Pete’s son, Dylan, has cystic fibrosis, a genetic disease that causes the body to produce abnormally thick mucus leading to life-threatening lung infections. In 1996, Dylan was one of the first patients to be seen in the Helen DeVos Children’s Hospital Cystic Fibrosis Care Center by John Schuen, MD, division chief pediatric pulmonary medicine and sleep clinic.
“The body of work at the cystic fibrosis care center has been a labor of love,” said Dr. Schuen. “The lives of our young people with cystic fibrosis, like Dylan, have tremendously improved.”

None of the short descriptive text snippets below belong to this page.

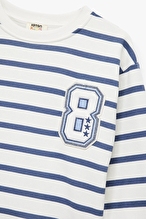 Koton Kız Çocuk Sweat 7WKG10015AK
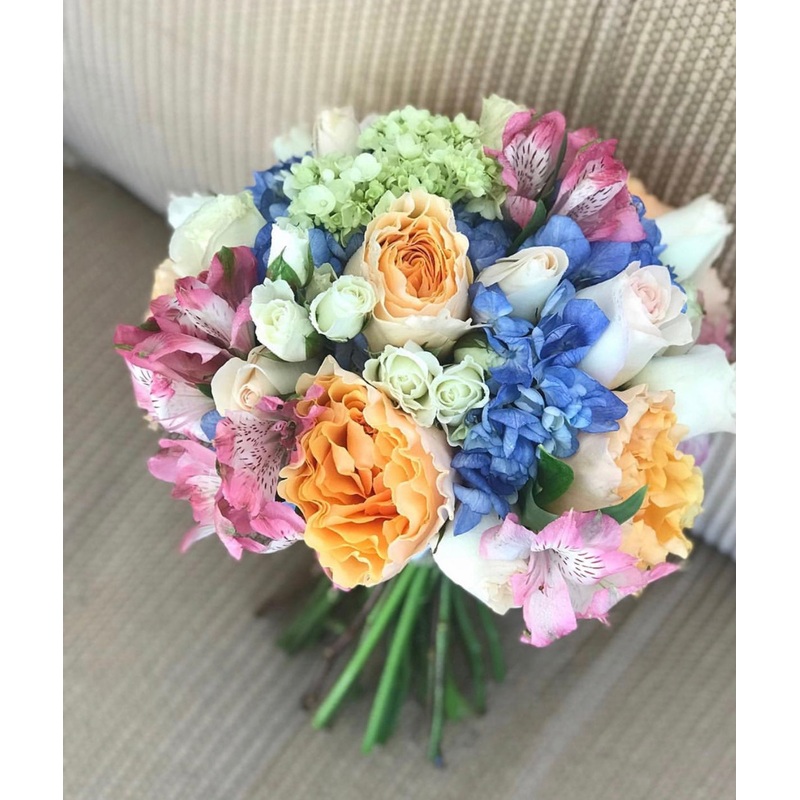 Dreams bridal bouquet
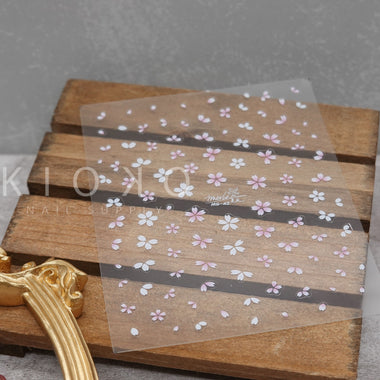 Sakura Petal Stickers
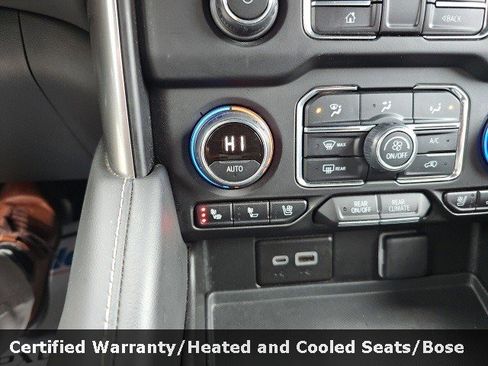 Certified 2024 Chevrolet Tahoe Premier image 21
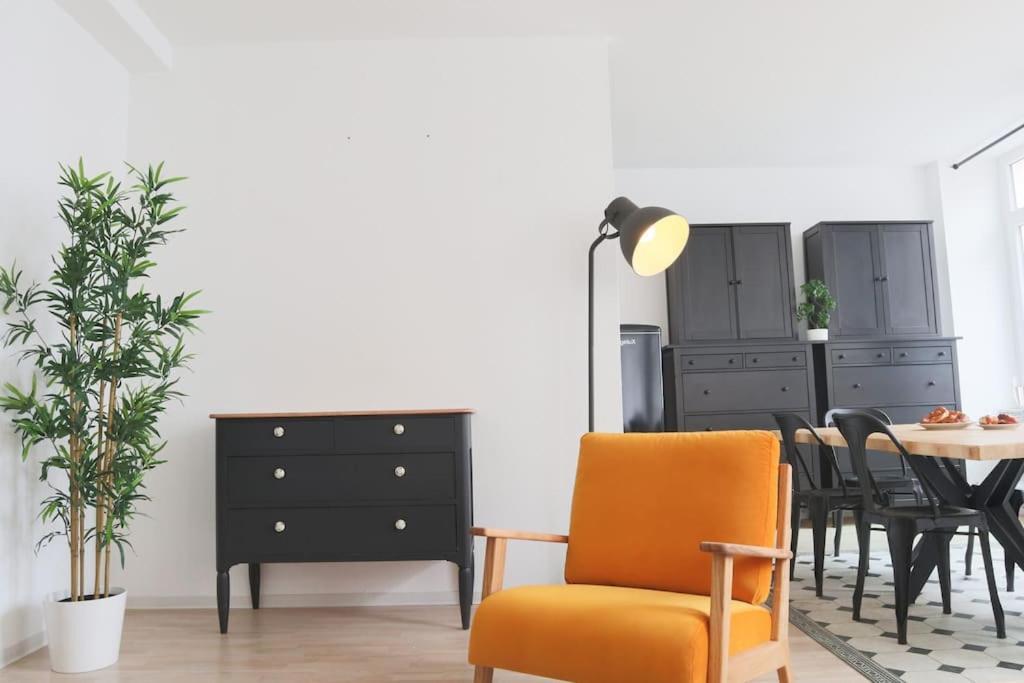 Le 7Eme Art, Hyper Centre Lägenhet Mulhouse Exteriör bild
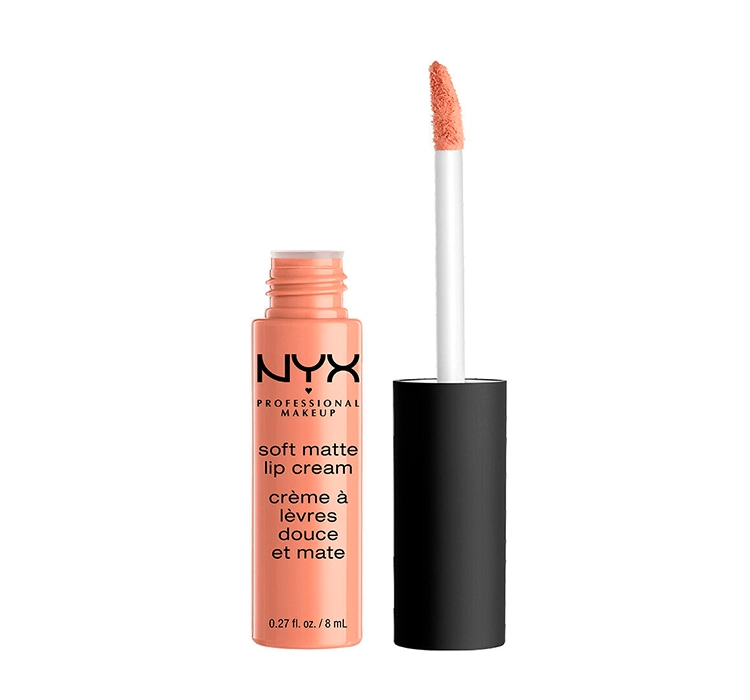 NYX Professional Makeup Soft Matte Lip Cream matter Lippenstift 15 Athens 8ml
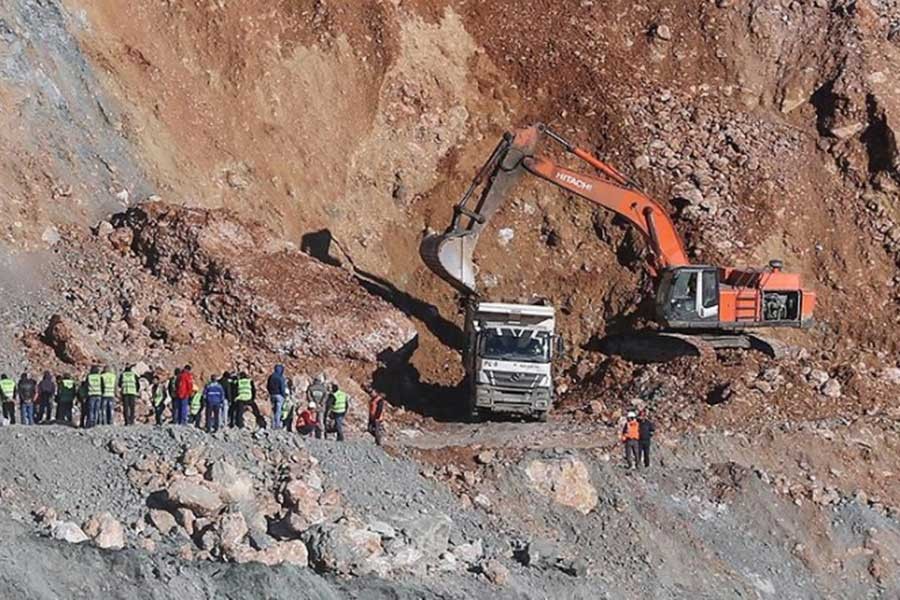 HDP'li vekil: Şirvan madenine Çin'den işçiler getirildi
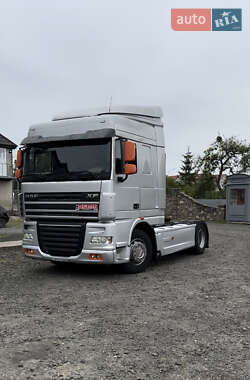 Тягач DAF XF 105 2011 в Луцке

The research program will take advantage of the large annual clinical base of hundreds of patients through the Helen DeVos Children’s Hospital Cystic Fibrosis Care Center to facilitate gene-specific therapies and accelerate advances in the care of cystic fibrosis as well as other advanced lung disease. More importantly, the program will facilitate and create new opportunities for collaboration between MSU scientists and Spectrum Health, including Helen DeVos Children’s Hospital clinicians.
“MSU joins Spectrum Health in gratitude to Pete Odland and Hunt for a Cure Foundation for their generous support of this vital research initiative with Dr. Schuen and our partners at Helen DeVos Children’s Hospital,” said Norman J. Beauchamp Jr., MD, MHS, dean, MSU College of Human Medicine.
“Our comprehensive, accredited cystic fibrosis care center provides multidisciplinary care for people with cystic fibrosis from birth and into adulthood,” said Dr. Schuen. “This requires a team approach and talented clinicians, researchers, leaders, and administrators who have come together for a single purpose: to control and ultimately cure cystic fibrosis.”
Spectrum Health is a not-for-profit health system, based in West Michigan, offering a full continuum of care through the Spectrum Health Hospital Group, which is comprised of 12 hospitals, including Helen DeVos Children’s Hospital; 180 ambulatory and service sites; 3,600 physicians and advanced practice providers, including 1,500 members of the Spectrum Health Medical Group; and Priority Health, a health plan that served 996,000 members in fiscal year 2017. Spectrum Health is West Michigan’s largest employer, with 26,000 employees. The organization provided $372 million in community benefit during its 2017 fiscal year. Spectrum Health was named one of the nation’s 15 Top Health Systems—and in the top five among the largest health systems—in 2017 by Truven Health Analytics®, part of IBM Watson HealthTM. This was the sixth time the organization received this recognition.